- Sabana Yegua Location in Dominican Republic
- Coordinates: 18°27′N 70°39′W﻿ / ﻿18.450°N 70.650°W
- Country: Dominican Republic
- Province: Azua
- Established: 2000

Area
- • Total: 101.58 km^{2} (39.22 sq mi)

Population (2012)
- • Total: 26,552
- • Density: 261.39/km^{2} (677.00/sq mi)
- Climate: Aw

= Sabana Yegua =

Sabana Yegua is a municipality (municipio) of the Azua province in the Dominican Republic.

==Geography==
The current location of the municipality is at the 11 kilometer mark of the Azua-San Juan highway, but it was previously located further south, next to San Juan de la Maguana, after crossing Villarpando, entering at the crossing of El Corozo.

It was transferred to the current location due to the construction of the Dam of Sabana Yegua, on the riverbed Yaque del Sur. The completed dam was filled earlier than expected, due to Hurricane David's arrival on October 31, 1979, causing the massive eviction by force of its inhabitants, which did not avoid the death of many people.

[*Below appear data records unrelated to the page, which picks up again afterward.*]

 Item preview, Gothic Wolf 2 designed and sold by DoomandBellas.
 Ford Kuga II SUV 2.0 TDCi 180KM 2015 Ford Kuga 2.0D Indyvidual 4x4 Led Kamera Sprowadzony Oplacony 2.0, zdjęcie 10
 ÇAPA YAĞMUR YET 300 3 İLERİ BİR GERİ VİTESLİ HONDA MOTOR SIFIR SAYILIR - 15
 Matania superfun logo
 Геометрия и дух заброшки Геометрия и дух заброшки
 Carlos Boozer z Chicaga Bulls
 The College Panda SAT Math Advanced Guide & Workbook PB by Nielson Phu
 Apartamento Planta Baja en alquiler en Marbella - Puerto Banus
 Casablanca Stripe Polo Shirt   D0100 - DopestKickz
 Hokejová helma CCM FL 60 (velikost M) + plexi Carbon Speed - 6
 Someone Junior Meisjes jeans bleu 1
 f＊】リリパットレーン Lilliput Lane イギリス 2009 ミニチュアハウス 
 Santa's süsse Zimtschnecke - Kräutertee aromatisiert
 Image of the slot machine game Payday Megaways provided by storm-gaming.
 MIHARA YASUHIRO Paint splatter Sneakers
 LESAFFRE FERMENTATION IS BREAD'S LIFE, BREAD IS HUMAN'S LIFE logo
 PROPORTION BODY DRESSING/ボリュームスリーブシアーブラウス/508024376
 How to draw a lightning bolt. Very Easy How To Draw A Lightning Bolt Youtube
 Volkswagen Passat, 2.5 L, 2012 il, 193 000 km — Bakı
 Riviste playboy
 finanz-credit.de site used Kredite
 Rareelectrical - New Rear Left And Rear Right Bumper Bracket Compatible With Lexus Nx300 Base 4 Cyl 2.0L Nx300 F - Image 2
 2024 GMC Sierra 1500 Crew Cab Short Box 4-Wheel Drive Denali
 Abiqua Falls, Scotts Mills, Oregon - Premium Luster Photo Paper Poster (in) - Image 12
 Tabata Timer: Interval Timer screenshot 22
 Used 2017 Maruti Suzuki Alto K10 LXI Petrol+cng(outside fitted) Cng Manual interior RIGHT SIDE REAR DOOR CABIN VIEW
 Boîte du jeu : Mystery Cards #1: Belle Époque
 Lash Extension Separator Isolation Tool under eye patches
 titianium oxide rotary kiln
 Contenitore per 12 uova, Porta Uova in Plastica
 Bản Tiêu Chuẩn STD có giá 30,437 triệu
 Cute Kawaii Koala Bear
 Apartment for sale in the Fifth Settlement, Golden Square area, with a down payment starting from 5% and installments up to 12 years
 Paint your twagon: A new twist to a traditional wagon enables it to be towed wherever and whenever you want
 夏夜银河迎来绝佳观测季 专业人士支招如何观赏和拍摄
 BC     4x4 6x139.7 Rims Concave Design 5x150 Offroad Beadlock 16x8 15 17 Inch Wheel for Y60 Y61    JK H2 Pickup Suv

Its hydroelectric power station generates an important quantity of the country's electric energy. The irrigation ditch by-product of Sabana also contributes a volume of 8 m³ of water, which has changed the economy of Azua, with the establishment of several important agroindustrial organizations.

==Economy==
Sabana Yegua's economy, one of the strongest in Azua, is currently based on the cultivation of plantains, bananas, tomatoes, peppers, eggplant, cilantro, onion and other agricultural products.